Many believe that there is only one true love, a soul mate. According to Greek mythology, human beings originally had four arms, four legs, and a single head with two faces. They were powerful and ambitious. Zeus, fearing their potential, split them all in two, condemning them to spend their lives searching for the other half – their eternal soul mate – for completion.

Humans, therefore, have an innate void to fill and wander the earth looking for their missing halves. Their one true love. As Jewel sings, “You were meant for me, and I was meant for you.”

Charlotte, the Park City Princess from the hit show Sex and the City, has a different theory. She claims (on the authority of a magazine article) that we get two great loves in our life, love that is “rare,” and love “that forever changes you, that shakes you to the core.”

How many of us actually believe these ill-fated theories? Are we doomed to a life of loneliness if we miss the opportunity to spot our one (or two) true love/s?

And how do you explain the statistics below:

  • In the U.S., 47% of first marriages end in divorce while 60- to 80% of second and subsequent marriages end in divorce
  • 80%-85% of societies around the world allow polygamous marriages
  • About 60% of men and 40% of women will have an affair at some point in their marriage
  • 86% of men and 81% of women admit they routinely flirt with the opposite sex.

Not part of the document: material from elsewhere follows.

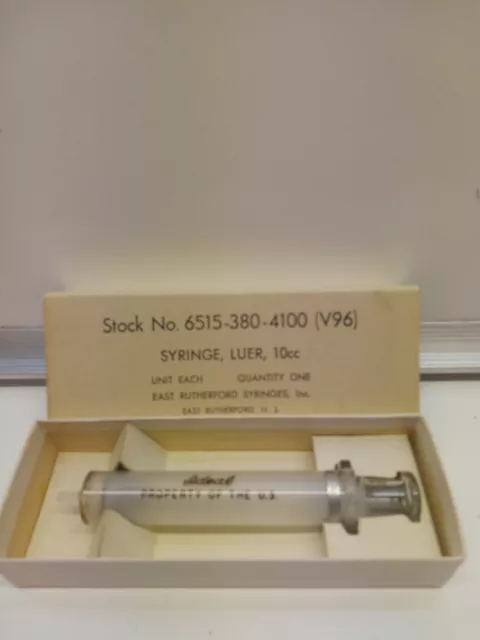 Vintage East Rutherford USA Glass Syringe Luer Ideal 10cc Collectible Medical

In the Philippines, studies indicate that over half of married men have philandered or currently have mistresses. This is such a prevalent phenomena that Jullie Yap Daza wrote a best-selling how-to book for these queridas, entitled Etiquette for Mistresses: And What Wives Can Learn From Them.

Perhaps the reason human beings commit adultery or engage in serial monogamy is that there are multiple possible matches – hundreds perhaps – in the game of love, with each relationship just as intense, as deep, and true as true love can be. Perhaps our “perfect match” greatly depends on our current stage in life – our Mr. or Ms. Right Now.

Let’s face it: there are over 6 billion people in the world. How depressing to think that there may only be one or two possible mates. According to this statistic, you are more likely to die of drowning or get hit by lightning than to find your soul mate.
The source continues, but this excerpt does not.